== Collection entries ==
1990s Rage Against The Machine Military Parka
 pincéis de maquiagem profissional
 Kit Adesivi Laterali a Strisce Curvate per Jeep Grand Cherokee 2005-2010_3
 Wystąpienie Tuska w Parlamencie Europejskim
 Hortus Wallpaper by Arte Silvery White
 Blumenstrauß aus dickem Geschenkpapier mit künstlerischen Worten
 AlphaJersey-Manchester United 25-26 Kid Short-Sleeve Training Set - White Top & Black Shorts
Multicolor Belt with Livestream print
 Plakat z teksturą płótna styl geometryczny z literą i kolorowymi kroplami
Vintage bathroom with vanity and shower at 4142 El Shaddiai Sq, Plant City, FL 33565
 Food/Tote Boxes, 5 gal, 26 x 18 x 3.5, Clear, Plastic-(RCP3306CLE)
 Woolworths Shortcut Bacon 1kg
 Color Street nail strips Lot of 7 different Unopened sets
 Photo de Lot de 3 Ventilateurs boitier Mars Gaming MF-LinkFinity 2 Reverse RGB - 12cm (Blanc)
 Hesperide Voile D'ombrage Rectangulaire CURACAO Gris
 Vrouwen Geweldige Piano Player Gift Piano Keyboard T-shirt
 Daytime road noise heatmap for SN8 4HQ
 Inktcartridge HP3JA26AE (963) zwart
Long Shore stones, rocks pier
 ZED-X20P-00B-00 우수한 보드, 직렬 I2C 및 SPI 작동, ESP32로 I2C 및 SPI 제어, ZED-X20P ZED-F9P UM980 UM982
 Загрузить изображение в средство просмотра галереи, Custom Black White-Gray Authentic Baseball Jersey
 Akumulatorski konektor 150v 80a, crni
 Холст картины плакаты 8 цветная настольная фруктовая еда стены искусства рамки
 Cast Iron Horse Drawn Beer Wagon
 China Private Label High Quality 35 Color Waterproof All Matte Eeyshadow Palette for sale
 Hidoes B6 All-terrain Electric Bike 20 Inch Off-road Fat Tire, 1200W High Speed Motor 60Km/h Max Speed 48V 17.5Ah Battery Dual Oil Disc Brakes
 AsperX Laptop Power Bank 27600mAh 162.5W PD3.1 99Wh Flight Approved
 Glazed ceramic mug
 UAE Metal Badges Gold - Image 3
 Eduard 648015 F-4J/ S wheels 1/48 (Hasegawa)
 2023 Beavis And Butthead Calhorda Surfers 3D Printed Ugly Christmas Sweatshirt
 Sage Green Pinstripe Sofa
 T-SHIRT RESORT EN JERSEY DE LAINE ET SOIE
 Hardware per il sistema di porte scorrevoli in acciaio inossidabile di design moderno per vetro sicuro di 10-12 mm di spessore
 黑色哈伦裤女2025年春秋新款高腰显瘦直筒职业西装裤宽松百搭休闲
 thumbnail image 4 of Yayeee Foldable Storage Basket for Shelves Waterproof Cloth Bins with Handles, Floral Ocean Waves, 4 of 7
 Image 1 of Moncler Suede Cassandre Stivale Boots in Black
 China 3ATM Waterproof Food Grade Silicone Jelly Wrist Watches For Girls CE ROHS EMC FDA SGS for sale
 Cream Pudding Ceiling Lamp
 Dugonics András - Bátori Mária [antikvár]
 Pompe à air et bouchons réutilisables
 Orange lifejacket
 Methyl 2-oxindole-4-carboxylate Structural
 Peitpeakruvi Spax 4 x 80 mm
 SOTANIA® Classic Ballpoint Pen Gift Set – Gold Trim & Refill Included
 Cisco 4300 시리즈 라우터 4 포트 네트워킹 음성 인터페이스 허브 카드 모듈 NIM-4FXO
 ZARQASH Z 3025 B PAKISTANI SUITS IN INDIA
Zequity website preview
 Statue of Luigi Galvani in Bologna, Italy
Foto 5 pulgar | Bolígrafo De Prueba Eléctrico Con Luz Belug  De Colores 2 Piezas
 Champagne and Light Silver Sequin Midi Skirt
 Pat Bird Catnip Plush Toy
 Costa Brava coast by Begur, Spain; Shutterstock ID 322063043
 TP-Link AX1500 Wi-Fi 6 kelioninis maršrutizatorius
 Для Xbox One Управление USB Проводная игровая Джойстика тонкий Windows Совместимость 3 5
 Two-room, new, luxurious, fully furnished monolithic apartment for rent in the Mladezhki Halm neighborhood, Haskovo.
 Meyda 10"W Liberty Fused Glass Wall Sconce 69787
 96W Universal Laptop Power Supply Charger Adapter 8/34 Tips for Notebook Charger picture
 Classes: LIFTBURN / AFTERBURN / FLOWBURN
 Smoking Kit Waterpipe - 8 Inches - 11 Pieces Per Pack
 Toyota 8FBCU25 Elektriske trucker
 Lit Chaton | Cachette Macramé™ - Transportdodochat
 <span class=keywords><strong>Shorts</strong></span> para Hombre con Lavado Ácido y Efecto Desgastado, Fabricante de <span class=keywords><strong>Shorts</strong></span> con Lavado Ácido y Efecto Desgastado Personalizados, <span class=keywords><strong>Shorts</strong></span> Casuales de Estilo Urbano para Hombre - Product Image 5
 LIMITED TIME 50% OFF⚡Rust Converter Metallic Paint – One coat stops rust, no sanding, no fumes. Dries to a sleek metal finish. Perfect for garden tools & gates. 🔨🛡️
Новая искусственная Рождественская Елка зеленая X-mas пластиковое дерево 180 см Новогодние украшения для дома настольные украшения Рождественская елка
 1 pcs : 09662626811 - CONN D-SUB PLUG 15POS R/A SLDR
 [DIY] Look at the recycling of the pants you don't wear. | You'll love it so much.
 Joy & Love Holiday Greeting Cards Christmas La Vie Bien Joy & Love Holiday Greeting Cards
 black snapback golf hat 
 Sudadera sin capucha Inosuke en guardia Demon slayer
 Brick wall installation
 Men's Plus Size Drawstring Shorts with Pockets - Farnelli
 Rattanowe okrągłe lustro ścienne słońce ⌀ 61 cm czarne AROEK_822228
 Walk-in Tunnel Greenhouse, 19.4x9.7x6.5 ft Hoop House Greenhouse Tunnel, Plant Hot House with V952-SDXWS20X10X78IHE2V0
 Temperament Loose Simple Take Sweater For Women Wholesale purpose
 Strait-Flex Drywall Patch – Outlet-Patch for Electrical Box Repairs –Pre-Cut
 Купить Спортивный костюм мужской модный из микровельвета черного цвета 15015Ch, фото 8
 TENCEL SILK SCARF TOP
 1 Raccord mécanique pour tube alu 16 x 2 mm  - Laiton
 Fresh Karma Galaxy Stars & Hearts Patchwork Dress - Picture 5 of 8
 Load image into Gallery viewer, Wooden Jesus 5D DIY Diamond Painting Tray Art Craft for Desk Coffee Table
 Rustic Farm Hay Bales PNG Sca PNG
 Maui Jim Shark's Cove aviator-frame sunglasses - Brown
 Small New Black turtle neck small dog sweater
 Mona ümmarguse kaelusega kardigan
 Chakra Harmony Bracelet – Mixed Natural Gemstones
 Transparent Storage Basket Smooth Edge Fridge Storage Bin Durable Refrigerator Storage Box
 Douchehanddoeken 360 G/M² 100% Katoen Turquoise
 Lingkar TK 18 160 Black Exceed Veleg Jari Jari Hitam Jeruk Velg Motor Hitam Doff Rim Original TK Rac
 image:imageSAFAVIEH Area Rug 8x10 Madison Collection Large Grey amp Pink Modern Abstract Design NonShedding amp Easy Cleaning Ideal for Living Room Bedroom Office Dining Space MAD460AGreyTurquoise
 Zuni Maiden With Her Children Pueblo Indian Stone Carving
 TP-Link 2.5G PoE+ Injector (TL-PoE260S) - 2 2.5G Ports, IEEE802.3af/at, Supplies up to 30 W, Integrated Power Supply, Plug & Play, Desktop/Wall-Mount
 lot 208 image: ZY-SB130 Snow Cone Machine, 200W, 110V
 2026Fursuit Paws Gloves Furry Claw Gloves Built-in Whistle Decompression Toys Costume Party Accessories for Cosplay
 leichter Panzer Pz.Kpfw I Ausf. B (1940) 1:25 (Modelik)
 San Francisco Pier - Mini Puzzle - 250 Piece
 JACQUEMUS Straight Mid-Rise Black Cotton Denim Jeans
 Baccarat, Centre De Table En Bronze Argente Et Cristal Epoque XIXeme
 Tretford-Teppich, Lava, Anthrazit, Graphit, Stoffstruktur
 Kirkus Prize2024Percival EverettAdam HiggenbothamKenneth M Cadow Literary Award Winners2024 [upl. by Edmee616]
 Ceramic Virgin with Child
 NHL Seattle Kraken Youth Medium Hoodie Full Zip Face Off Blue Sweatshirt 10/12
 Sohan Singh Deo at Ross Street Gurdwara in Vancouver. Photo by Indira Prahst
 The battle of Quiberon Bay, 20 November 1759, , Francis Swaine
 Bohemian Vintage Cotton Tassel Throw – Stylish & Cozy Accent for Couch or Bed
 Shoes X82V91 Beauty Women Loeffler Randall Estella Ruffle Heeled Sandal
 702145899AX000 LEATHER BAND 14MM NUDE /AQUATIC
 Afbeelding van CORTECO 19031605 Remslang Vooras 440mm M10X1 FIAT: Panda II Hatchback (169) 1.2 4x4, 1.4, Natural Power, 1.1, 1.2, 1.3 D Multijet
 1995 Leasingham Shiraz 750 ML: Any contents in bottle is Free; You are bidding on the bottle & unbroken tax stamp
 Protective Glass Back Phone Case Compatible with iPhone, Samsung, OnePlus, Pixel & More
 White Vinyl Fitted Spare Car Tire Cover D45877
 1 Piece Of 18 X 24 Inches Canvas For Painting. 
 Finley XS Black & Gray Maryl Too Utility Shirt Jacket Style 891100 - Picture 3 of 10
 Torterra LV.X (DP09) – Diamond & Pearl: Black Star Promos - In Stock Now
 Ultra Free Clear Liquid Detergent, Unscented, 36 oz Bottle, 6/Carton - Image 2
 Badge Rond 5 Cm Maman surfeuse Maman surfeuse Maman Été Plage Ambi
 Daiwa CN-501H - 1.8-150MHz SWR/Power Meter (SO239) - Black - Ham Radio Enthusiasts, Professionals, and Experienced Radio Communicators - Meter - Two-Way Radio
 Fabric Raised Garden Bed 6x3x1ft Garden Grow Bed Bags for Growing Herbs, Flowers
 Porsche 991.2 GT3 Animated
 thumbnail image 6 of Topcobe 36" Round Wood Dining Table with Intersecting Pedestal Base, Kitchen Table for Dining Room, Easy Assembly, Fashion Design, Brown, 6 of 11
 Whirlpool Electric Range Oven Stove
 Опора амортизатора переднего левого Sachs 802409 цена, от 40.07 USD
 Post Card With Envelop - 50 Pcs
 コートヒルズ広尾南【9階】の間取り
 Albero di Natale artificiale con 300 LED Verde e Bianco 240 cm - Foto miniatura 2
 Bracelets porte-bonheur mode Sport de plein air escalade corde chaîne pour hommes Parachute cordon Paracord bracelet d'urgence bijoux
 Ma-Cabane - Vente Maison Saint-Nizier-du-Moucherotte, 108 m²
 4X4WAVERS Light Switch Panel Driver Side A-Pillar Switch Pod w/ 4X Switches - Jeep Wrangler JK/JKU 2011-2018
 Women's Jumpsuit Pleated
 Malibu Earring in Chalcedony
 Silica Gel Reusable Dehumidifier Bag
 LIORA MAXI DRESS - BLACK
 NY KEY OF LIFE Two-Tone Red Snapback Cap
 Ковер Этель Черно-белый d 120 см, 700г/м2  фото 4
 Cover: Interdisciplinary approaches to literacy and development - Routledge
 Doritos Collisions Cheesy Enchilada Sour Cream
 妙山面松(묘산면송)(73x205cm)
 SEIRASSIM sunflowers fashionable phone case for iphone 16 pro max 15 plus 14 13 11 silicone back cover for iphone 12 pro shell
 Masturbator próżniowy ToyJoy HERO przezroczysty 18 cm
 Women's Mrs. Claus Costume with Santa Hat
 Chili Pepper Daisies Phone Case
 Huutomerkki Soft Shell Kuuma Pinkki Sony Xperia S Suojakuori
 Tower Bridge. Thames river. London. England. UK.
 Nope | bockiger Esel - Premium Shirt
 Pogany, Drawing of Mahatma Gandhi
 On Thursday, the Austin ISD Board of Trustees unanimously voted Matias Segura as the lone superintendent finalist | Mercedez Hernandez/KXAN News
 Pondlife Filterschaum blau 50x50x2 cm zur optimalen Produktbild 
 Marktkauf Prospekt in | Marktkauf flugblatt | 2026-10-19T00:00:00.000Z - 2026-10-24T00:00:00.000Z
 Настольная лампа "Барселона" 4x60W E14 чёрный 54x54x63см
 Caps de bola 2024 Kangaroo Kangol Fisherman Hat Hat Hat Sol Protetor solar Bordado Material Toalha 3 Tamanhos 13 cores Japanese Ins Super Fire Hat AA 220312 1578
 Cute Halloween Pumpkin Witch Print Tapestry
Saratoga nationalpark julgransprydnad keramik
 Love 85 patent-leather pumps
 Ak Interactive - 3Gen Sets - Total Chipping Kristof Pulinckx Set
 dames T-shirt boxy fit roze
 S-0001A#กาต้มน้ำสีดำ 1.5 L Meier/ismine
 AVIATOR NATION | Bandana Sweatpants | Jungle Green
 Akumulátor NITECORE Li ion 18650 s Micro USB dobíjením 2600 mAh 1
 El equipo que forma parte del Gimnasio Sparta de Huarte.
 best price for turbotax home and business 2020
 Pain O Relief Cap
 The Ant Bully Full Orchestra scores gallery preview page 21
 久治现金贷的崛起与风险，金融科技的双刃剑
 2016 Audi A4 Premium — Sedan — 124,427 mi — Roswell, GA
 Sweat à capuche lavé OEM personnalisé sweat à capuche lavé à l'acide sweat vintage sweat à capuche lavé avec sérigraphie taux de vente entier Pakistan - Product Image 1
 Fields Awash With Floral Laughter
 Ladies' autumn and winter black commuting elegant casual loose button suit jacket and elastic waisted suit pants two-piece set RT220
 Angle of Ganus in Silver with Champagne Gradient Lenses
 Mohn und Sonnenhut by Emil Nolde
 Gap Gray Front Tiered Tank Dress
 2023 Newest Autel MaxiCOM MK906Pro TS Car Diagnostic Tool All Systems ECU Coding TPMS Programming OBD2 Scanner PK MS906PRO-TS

== Your assignment ==
Copy out all lines above that include the string "Champagne".

== Answer below ==
 Champagne and Light Silver Sequin Midi Skirt
 Angle of Ganus in Silver with Champagne Gradient Lenses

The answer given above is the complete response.